Aynı istemler ve benzer cümlelerle telefon sohbeti sürdü. “Kardeşimden ben mesul değilim, o 30 yaşını geçkin bir insan. Ben bu konu hakkında rahatsız ediliyorum” deyince, o da “Hepiniz aynı pisliksiniz. Kapına ekipleri gönderdiğimde ve yakında leşinizi de aldığınızda görürsünüz, pis teröristler” diyerek telefonu kapattı. Sesimi ve konuşmaları duyan ve şu an 16 yaşında olan oğlum Rodi yanıma gelerek, “Baba beni de bir numara aradı ve ‘amcanla görüşüyor musunuz, babanla, annenle görüşüyor mu?’ şeklinde sorular sordular. Ben sana söyleyecektim” dedi. Oğlum bunu bana aktarırken tedirgin olmuştum. Meselenin oğluma kadar tırmanması endişe vericiydi.

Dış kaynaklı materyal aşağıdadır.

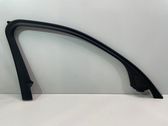 Front door glass trim molding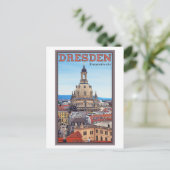 Carte Postale Dresde - Frauenkirche (Debout devant)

‘SENİ HİÇ KİMSENİN BİLMEDİĞİ BİR YERE GÖMERİZ’

Onlar ısrarla sizin üzerinize geliyorlar ve siz dayatmaları kabul etmediğinizde nasıl bir seyirde devam etti bu tehditler zinciri?

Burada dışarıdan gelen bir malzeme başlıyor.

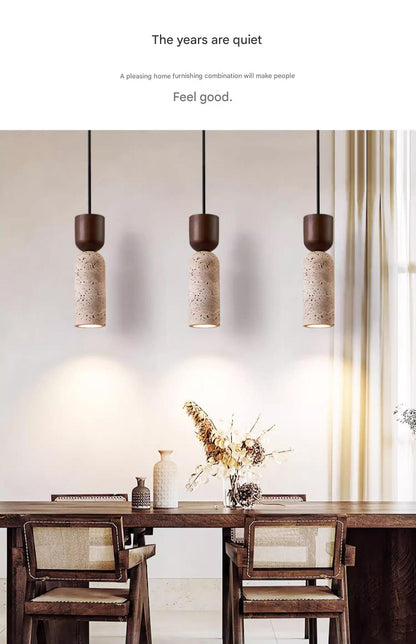 Travertine Stone Pendant Light for Dining Room & Bedroom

Başta da belirttiğim gibi HDP İstanbul-Zeytinburnu ilçe yöneticisiyim. İlçe binasına giderken yolunu çevirip “İstihbarattanız, bizimle gelmelisiniz, seninle konuşmamız lazım” diye sorduklarında ben yine konuşmak istemediğimi belirtmiştim. En son Esenler’e giderken otobüsten inip caddenin karşısına geçerken köprüyü kullanmak zorundaydım. Köprüde 3 kişi beni bekliyordu. Durdurup “Polis” deyip kimlik istediler. Kimliği verdim, beni yüz üstü yere yatırdılar. Kimliği alan “tamam, sensin” dedi. Beni kelepçeleyip kaldırdılar. “Ne yapıyorsunuz, suçum ne?” deyince “Suçunu anlatırız” deyip beni yaka paça arabaya bindirdiler.

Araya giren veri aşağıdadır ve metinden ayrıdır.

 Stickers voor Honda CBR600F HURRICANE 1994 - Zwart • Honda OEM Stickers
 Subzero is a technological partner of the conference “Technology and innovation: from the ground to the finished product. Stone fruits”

İki kişi arabanın arkasına benimle bindi. Öndeki şoför sürekli bana küfürlerle tehditler savuruyordu. İçlerinden biri şu sözlerle bana ajanlık teklifinde bulundu: “Sen laftan anlamıyorsun, bize bilgi ver dediğimizde sen ‘ne bilgisi deyip’ bizi ciddiye almıyorsun. Bak bu gece ya bilgi vereceksin ya da kafana sıkacağız. Seni hiç kimsenin bilmediği bir yere gömeriz. Dağdan iki kadro gelmiş, eylem yapmaya gelmişler. Biliyoruz, senin de haberin var. Bunların kim olduğunu öğren, bize teslim et. Senin de hayatın kurtulur.” Ben ise “Ne kadrosu, benim bundan haberim yok” der demez yüzüme yumruklar inmeye başladı. Silahın namlusu şakağımdaydı.

Aynı kişi, “Anam avradım olsun beynini dağıtırım. Dediğim gibi eyleme geçmeden bize teslim edeceksin bunları” sözleriyle beni tehdit ederken, başka bir polis araya girdi. O da “Kafasına sıkıp kurtulalım bundan” dedi. Araba durmuştu, beni arabadan iterek indirdiler. Yüz üstü düşmüştüm. Beni kaldırıp sırtımı duvara dayadılar ve kafama silah dayayarak, “Kurtuluşun yok, o iki kadroyu öğrenip bize teslim edeceksin. Ya da beynin dağılır” diye konuştu. Ben “Hiçbir şeyden haberim yok” demeden karnıma yumruk ve tekmelerle saldırdılar.

O gece sabaha kadar gözüme uyku girmedi. Sabah partinin ilçe binasına gittiğimde durumu kimseye anlatmadım. Moraran yüzüm için “Düştüm, yüzüm masaya çarptı” dedim. Akşam eve geldiğimde sokağımızdaki bir taksi dikkatimi çekti. Baktım, aynı polisler camdan beni izliyorlar. Yukarıya çıkıp evin penceresinden baktığımda o taksi oradan gitmişti. Ülkemi terk etme kararını o gece verdim. Bir hafta sonra da varımı yoğumu şebeke elemanlarına verip ailemle birlikte kaçak yollarla yurt dışına çıkarak mülteci konumuna düştüm.

BAZILARININ EVLATLARI KESİNLİKLE GERİLLADA DEĞİL

Yurtsever bir ailedensiniz ve iki kardeşiniz özgürlük mücadelesi saflarına katıldı. Biri şehit ve bir kardeşiniz de hala gerillada. Türk devleti sizin gibi yurtseverleri baskı, şantaj ve çeşitli oyunlarla kendi kirli siyaseti için kullanıyor. Böyle ailelere, özellikle de HDP binaları önünde oturanlara bir mesajınız var mı?

Öncelikle şunu söyleyeyim; orada oturanlardan bazılarının evlatları kesinlikle gerillada değil hatta bazılarının çocuğu bile yok. Ama ciddi anlamda evlatları mücadele içinde olan, zaaflarına yenilmiş ve bu zaaflar yüzünden Kürt halkının siyasetçilerine ve kahramanlarına yönelik tezgahlanan bu kirli ve çirkin oyuna alet ediliyorlar. Fakat onur her şeyden üstündür. Evlatlarımız, kardeşlerimiz onların düştüğü durumu kabul etmiyor ve defalarca oradaki ailelere seslendiler. “Kirli politikalara alet olmayın” dediler. Onurumuzu kirli politikalara alet etmeyelim. AKP’nin seçim malzemesine dönüştürmelerine izin vermemeliler. İradeleri sağlam olanların aileleri olarak irademizi kırmalarına izin vermeyelim. O utanç ve ihanet çadırlarında oturmayalım.